Synthetic and Real Inputs for Tool Segmentation in Robotic Surgery
This work addresses the challenge of robust tool segmentation for surgical scene understanding and robotic automation, but it is incremental as it builds on existing deep learning methods with a new dataset and multi-modal approach.
The paper tackles the problem of semantic tool segmentation in robotic surgery videos by proposing a deep learning model that processes both laparoscopic and simulation images, and introduces a new dataset using the da Vinci Research Kit to address the lack of labeled data.

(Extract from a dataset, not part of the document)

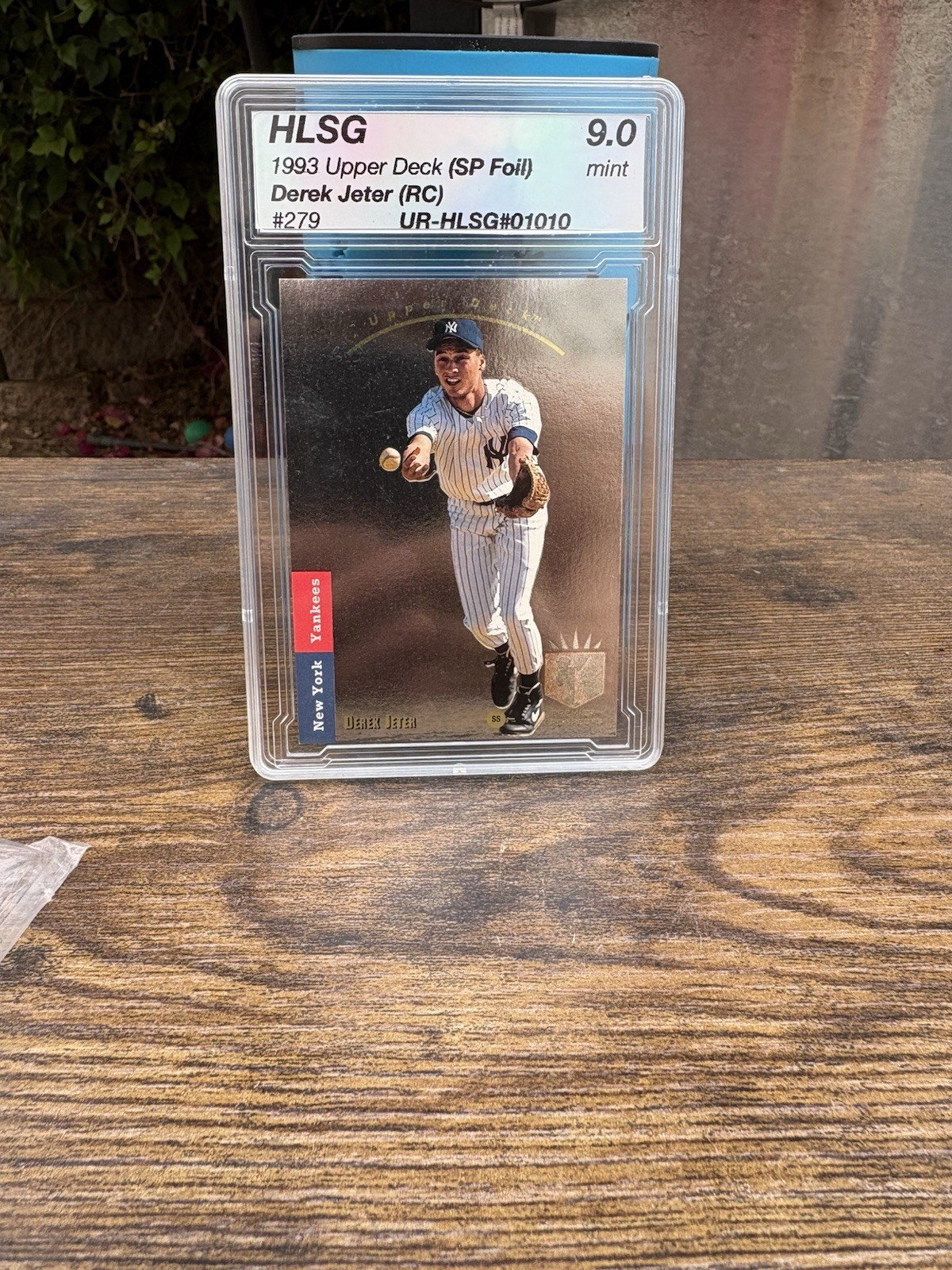 (HLSG) Mint 9!! 1993 Upper Deck SP Foil- Derek Jeter #279 (RC) GRADED view 1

Semantic tool segmentation in surgical videos is important for surgical scene understanding and computer-assisted interventions as well as for the development of robotic automation. The problem is challenging because different illumination conditions, bleeding, smoke and occlusions can reduce algorithm robustness. At present labelled data for training deep learning models is still lacking for semantic surgical instrument segmentation and in this paper we show that it may be possible to use robot kinematic data coupled with laparoscopic images to alleviate the labelling problem. We propose a new deep learning based model for parallel processing of both laparoscopic and simulation images for robust segmentation of surgical tools. Due to the lack of laparoscopic frames annotated with both segmentation ground truth and kinematic information a new custom dataset was generated using the da Vinci Research Kit (dVRK) and is made available.